I have each student make a single GitHub repo for all individual homeworks, labs and small projects. They'll make additional repos for larger and group projects. They fill out a Google form to give me the repo link. I download the form and end up with a CSV file something like this:

Doe, John, git@github.com:johndoe/mymoework.git
Doe, Jane, git@github.com:janedoe/labs.git
etc.

My goal is to clone each students repo into a directory and then throughout the term, they add assignments to their own repos using the names and specifications I give them. For example, after assigning three assignments, I could pull everything from their repos and I would have a directory structure something like this:

hw
├── doe_jane
│   ├── hw_01
│   ├── hw_02
│   └── hw_03
│ 
└── doe_john
    ├── hw_01
    └── hw_02

To get there, I have to change the csv file to a small shell script:

git clone git@github.com:johndoe/mymoework.git doe_john
git clone git@github.com:janedoe/labs.git doe_jane
etc.

I usually do this in Emacs with a macro.

Now I'm ready to go.

Whenever there's a new assignment, I just have to update all the repos. I go into the root hw directory and loop through all the subdirectoryes:

cs /path/to/hw_root
for i in `ls`
do 
  cd /path/to/hw_root/$i
  git pull
done

At this point I could go into each repo but we can do better. Since I have all of my students submit a Makefile with a default target to build an executable named main and also a target named tests which will build an executable to run the unit tests named tests I do this instead of a straight pull:

cs /path/to/hw_root
for i in `ls`
do 
  cd /path/to/hw_root/$i
  git pull
  cd hw_03 # or whatever assignment I'm grading
  make tests
  make 
done

Now, if I want, I can go into each directory, run the tests by typing ./tests and the hw or project with ./main. I can also add a couple of lines to the for loop above like:

echo "$i Test Report\n----------------\n" >> /path/to/hw_root/test_report
./tests >> /path/to/hw_root/test_rport
echo "----------------------\n\n"

This gives me a single file with everyone's test results. Either by doing this or by running the tests in each folder manually I can quickly see what works and what doesn't.

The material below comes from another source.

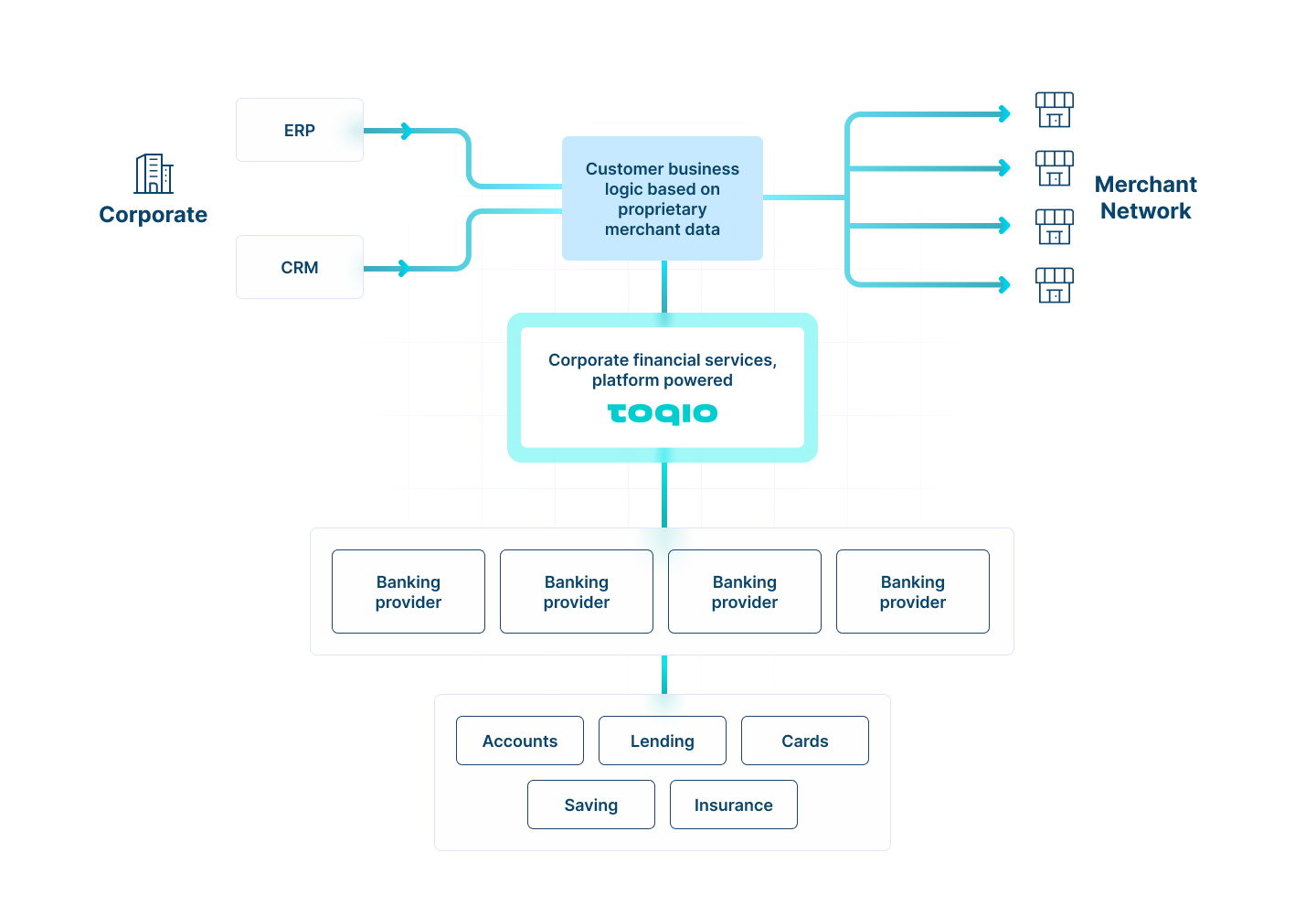 Customer experience blog graphic-1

While I'm doing this, I have Emacs up and with dired mode and more specifically ag-dired-regexp which lets me easily navigate to any student's files. Combined with the test results I can quickly evaluate the entire assignment.

Put all of this together and it makes grading somewhat bearable. I can work through well written, correct assignments extremely quickly and drill down into the other projects efficiently as well.